Computing Bitcoin Keys

My question is that collisions might happen (not necessary malicious ones, but incidental ones). I would like to know if there is a specific mechanism in the Bitcoin protocol to sort out these collisions and be ensured that the payment is going to the right place.

In fact, I tried to look down at the protocol details but could not find anything dealing with this problem. The only reference I found is on the Bitcoin-wiki and it states that:

Collisions (lack thereof)

Since Bitcoin addresses are basically random numbers, it is possible, although extremely unlikely, for two people to independently generate the same address. This is called a collision.
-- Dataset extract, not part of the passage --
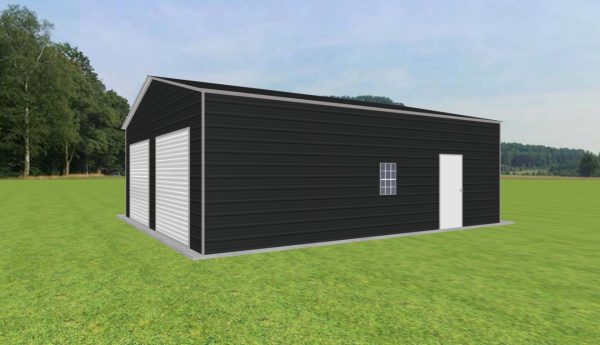 2 Car Garage 26 x 30 x 10 - Image 3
If this happens, then both the original owner of the address and the colliding owner could spend money sent to that address. It would not be possible for the colliding person to spend the original owner's entire wallet (or vice versa). If you were to intentionally try to make a collision, it would currently take 2^107 times longer to generate a colliding Bitcoin address than to generate a block. As long as the signing and hashing algorithms remain cryptographically strong, it will likely always be more profitable to collect generations and transaction fees than to try to create collisions.

It is more likely that the Earth is destroyed in the next 5 seconds, than that a collision occur in the next millenium.

I found this explanation extremely unsatisfactory... If some of you has a better explanation than that or knows about a prevention mechanism that has been planted into the Bitcoin protocol, I would be delighted to read from it.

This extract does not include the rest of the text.